# [ABOUT THIS EXERCISE]
Would you return, word for word, the lines of the data below from the line with "Goth Gothic Punk" through the line with "Nouvel ensemble de", and no others?

================================

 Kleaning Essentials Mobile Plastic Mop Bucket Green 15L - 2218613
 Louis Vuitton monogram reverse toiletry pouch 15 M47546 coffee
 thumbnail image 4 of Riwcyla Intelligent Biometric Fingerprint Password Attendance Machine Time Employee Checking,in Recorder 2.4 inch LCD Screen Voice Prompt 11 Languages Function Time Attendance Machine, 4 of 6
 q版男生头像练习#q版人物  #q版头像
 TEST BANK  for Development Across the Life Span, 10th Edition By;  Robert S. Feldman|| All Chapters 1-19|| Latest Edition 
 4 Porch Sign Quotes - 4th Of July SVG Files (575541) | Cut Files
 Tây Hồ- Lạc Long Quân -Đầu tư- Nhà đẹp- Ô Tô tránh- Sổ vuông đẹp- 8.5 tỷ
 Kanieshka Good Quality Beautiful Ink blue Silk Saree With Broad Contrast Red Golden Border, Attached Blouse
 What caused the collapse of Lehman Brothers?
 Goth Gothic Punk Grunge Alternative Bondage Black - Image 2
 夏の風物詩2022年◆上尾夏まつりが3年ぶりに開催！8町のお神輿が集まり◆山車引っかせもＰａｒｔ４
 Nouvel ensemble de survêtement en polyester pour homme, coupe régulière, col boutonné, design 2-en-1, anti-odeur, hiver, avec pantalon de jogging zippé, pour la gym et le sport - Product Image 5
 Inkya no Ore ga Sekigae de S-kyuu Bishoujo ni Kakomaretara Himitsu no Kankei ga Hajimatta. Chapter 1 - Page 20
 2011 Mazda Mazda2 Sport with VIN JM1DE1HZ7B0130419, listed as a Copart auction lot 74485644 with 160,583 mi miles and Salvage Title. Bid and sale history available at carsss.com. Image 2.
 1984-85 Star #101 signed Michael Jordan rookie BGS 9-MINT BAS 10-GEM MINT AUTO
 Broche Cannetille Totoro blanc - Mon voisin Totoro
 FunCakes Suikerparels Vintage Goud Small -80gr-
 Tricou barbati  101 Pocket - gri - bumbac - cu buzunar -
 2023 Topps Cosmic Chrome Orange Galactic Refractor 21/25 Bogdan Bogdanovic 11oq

================================

# [YOUR RESPONSE]
 Goth Gothic Punk Grunge Alternative Bondage Black - Image 2
 夏の風物詩2022年◆上尾夏まつりが3年ぶりに開催！8町のお神輿が集まり◆山車引っかせもＰａｒｔ４
 Nouvel ensemble de survêtement en polyester pour homme, coupe régulière, col boutonné, design 2-en-1, anti-odeur, hiver, avec pantalon de jogging zippé, pour la gym et le sport - Product Image 5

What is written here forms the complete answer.